Antwort: Der Durchbruch in Europa ist ein großer Erfolg. Jetzt wird der Spruch aus Brüssel in deutsches Recht gegossen − hier gilt es, möglichst die gesamte Bandbreite verlegerischer Aktivitäten abzudecken. Diese anspruchsvollen Gespräche werden gerade geführt.

Was waren aus Ihrer Sicht 2018 die erfreulichsten und die unerfreulichsten Entwicklungen im Zeitschriftenmarkt?

Erfolgreich ist der Schulterschluss zwischen Verlagen und Journalisten, wenn es um die Verteidigung und den Erhalt der Pressefreiheit geht. Wir haben 2018 viele Zeichen gesetzt, der VDZ und seine 500 Mitgliedsverlage geben der Pressefreiheit eine Stimme wie wohl kein anderer Medienverband in Europa. Die Bundeskanzlerin sprach es auf der Publishers‘ Night aus, als sie dem Verband Deutscher Zeitschriftenverleger dafür dankte, „sich unermüdlich für die Pressefreiheit einsetzen“. Das wird die große Aufgabe für das Jahr 2019: Es kann und darf nicht sein, dass 70 Jahre nach dem Grundgesetz eines der zentralen Rechte, das Grundrecht auf Presse- und Meinungsfreiheit, sogar in Deutschland und Europa unter Druck kommt − durch Extremisten aller Art, aber auch durch extremistische Akteure in den Parlamenten.

 

Was muss aus Sicht des VDZ 2019 passieren?

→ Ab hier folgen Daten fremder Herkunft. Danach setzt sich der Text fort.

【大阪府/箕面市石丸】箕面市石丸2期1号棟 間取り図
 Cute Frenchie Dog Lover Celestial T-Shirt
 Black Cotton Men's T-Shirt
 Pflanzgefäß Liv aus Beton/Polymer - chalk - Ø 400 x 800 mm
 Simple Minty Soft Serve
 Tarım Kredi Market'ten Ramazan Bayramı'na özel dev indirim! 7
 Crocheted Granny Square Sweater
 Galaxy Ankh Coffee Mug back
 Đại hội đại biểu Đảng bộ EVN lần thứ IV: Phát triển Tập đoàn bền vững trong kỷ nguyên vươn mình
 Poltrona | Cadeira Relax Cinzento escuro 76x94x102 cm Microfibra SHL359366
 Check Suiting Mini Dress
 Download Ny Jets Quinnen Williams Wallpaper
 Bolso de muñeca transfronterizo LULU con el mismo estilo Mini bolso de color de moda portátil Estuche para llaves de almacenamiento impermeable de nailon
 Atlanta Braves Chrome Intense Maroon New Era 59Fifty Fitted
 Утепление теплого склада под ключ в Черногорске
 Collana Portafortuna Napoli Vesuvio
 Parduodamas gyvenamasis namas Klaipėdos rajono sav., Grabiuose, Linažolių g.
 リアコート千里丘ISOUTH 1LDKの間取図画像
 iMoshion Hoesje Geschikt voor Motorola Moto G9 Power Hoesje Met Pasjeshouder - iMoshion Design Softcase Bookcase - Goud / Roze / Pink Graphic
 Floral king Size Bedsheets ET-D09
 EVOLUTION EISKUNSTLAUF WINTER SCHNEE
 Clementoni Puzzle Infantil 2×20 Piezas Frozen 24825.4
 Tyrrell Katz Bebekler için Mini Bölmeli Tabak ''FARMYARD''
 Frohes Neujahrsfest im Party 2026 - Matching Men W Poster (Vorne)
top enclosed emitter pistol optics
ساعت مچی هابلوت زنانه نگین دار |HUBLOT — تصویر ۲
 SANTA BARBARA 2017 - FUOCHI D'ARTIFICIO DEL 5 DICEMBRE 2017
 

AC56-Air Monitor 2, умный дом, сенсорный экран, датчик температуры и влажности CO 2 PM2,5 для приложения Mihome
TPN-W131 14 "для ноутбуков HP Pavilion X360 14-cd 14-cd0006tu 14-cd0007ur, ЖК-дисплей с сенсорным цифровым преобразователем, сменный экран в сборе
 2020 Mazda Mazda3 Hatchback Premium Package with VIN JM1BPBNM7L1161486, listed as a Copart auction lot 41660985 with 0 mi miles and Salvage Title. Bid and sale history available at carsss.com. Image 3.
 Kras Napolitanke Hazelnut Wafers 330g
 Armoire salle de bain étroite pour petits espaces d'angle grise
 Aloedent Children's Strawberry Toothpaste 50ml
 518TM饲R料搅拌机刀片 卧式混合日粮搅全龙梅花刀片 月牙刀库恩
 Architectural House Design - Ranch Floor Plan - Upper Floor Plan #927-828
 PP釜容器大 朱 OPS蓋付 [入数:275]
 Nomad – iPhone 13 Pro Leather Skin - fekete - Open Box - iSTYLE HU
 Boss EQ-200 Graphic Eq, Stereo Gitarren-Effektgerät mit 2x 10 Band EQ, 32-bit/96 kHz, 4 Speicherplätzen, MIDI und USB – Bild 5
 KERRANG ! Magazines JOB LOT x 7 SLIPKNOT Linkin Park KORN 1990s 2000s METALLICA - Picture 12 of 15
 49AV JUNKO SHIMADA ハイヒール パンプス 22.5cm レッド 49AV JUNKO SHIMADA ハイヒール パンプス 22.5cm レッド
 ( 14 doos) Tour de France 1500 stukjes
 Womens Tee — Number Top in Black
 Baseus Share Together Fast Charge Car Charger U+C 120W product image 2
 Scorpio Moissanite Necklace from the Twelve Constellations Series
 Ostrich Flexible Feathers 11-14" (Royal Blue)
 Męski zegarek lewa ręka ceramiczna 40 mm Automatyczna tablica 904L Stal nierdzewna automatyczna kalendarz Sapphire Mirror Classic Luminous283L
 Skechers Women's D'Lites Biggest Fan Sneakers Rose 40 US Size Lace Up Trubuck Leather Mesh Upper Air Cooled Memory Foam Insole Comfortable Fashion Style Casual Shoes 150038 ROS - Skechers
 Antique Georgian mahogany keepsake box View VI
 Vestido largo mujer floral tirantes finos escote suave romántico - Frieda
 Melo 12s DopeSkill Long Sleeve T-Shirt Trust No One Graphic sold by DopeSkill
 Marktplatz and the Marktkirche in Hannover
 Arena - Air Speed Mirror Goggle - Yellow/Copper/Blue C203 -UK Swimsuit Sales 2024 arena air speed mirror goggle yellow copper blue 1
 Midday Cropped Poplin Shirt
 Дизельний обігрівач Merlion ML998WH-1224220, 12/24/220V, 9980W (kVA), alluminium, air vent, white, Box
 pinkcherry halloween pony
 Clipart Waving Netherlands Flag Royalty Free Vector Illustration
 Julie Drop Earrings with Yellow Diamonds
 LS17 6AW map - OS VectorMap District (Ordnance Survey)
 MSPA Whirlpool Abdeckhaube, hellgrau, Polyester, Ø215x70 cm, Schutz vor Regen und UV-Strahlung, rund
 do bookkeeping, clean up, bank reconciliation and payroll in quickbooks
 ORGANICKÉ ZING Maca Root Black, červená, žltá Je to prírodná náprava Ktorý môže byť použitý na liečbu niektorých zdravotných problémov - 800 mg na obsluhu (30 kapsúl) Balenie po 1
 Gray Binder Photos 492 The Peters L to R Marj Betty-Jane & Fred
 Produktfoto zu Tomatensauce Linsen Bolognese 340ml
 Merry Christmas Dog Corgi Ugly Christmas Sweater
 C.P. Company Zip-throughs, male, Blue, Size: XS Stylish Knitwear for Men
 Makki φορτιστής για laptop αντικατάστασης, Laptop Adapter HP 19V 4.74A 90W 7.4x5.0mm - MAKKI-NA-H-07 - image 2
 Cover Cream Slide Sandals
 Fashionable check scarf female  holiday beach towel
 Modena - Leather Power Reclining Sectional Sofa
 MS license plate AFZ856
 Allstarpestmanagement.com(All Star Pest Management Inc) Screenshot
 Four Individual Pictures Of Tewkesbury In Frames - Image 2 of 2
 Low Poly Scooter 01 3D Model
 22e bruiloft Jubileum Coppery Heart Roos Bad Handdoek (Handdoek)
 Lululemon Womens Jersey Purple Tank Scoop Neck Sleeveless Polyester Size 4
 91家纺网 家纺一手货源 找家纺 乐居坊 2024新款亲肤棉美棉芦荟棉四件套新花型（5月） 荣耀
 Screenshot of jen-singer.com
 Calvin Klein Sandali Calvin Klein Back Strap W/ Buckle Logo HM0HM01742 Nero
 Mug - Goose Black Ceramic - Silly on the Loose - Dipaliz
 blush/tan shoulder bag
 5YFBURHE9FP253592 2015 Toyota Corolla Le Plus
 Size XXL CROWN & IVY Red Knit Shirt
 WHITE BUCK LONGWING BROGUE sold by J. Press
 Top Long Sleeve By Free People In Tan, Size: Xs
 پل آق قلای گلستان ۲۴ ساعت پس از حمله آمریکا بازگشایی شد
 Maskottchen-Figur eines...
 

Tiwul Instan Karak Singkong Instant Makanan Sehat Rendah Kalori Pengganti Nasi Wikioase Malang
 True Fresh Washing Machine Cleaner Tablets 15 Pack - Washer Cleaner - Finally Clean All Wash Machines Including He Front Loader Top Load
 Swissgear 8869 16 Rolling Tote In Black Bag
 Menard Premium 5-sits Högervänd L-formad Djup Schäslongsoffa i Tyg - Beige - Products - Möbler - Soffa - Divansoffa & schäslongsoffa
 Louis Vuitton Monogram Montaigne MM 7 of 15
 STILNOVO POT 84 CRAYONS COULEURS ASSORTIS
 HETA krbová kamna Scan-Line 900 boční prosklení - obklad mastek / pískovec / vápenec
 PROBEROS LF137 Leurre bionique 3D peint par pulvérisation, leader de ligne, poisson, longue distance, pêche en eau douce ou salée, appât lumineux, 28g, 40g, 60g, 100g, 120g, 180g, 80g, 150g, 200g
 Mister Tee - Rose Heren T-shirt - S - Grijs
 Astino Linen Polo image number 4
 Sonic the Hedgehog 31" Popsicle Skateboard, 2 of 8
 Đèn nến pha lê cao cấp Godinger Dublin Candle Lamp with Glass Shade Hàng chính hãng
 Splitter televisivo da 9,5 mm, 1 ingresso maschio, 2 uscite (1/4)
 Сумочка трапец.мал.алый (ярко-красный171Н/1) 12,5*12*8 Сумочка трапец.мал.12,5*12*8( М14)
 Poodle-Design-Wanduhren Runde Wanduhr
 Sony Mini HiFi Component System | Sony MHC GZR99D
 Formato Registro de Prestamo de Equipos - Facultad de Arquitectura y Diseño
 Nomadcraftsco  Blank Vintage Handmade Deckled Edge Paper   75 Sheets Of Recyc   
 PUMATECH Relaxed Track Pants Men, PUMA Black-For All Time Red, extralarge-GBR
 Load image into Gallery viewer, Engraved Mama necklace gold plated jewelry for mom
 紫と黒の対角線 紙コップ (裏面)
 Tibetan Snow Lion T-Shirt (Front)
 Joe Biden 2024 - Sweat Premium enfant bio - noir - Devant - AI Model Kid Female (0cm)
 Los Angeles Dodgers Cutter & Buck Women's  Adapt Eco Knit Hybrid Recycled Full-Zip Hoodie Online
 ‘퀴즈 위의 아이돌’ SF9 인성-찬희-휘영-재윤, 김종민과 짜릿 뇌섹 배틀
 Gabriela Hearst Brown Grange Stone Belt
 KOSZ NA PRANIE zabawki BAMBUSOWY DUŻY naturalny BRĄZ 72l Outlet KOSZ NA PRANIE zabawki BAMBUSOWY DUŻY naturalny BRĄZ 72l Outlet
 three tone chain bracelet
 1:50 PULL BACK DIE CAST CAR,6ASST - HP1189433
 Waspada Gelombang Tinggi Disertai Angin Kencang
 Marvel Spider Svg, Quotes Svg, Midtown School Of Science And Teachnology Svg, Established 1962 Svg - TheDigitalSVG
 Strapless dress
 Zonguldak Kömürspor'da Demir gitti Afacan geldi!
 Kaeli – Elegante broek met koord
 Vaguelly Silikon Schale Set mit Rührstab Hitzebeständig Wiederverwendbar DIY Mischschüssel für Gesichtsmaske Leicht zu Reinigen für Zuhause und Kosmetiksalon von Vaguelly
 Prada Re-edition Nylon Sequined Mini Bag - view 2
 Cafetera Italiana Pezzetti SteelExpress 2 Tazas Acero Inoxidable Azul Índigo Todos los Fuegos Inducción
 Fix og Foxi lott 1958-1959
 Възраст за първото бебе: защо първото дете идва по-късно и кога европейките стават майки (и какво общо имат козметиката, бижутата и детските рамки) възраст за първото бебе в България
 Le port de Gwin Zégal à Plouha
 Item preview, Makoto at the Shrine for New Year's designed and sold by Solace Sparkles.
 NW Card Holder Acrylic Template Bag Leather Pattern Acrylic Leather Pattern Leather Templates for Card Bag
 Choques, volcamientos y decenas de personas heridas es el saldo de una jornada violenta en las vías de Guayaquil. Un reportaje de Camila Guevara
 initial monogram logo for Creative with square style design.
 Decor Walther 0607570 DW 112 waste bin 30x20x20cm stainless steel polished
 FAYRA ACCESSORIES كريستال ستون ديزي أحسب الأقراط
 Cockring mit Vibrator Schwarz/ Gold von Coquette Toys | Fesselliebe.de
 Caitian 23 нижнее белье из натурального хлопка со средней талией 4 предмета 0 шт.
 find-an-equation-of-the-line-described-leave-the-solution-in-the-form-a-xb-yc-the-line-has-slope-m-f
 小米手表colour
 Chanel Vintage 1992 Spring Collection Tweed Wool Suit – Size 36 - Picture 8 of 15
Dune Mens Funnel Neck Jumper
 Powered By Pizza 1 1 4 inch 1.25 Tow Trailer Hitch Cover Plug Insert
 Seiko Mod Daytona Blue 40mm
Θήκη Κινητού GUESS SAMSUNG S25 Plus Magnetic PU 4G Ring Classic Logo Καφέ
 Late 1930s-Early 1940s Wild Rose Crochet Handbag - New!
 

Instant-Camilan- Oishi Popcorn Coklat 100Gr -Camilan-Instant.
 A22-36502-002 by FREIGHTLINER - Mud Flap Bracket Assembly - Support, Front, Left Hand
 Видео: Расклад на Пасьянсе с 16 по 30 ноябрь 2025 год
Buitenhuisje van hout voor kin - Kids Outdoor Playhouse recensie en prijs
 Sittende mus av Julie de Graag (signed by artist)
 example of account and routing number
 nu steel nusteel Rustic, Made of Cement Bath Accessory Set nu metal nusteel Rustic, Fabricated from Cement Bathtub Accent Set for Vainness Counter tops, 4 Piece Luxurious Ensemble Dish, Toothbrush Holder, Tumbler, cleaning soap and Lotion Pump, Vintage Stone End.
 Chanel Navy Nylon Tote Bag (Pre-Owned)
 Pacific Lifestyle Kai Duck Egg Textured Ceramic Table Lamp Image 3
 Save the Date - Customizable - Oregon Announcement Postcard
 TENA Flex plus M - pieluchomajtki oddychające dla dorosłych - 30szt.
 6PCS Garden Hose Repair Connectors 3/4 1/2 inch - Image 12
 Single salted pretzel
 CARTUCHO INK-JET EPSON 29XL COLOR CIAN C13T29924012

Trotz des hohen Wertes eines freien Journalismus wird den Verlagen nichts geschenkt, im Gegenteil. Jetzt gilt es, die 2018 erreichten großen medienpolitischen Erfolge abzusichern und zu bestätigen. Von der hart erkämpften Entscheidung des Europäischen Parlaments in Straßburg für ein neues europäisches Urheberrecht über die Einigung des EU-Rates für Wirtschaft und Finanzen zur Anwendung des ermäßigten Mehrwertsteuersatzes auf digitale Presseangebote bis zu den positiven Veränderungen im Rahmen der 9. Novelle des Gesetzes gegen Wettbewerbsbeschränkung. Die unternehmerisch getragene Presse braucht faire Wettbewerbsbedingungen, um der Wucht der Digitalisierung wirtschaftlich standhalten zu können.

 

Interview: Andreas Heimann, dpa

ZUR PERSON: Rudolf Thiemann, geboren 1955 in Hamm, hat in Münster Jura studiert und dort auch promoviert. Seit 1986 gehörte er der Geschäftsleitung der Liborius Verlagsgruppe an. Die Geschäftsführung des Familienunternehmens mit mehr als 100-jähriger Tradition übernahm er 1993, seit 1998 ist er Inhaber und Verleger. Bereits im Jahr davor wurde Thiemann VDZ-Vizepräsident, Anfang November 2017 VDZ-Präsident.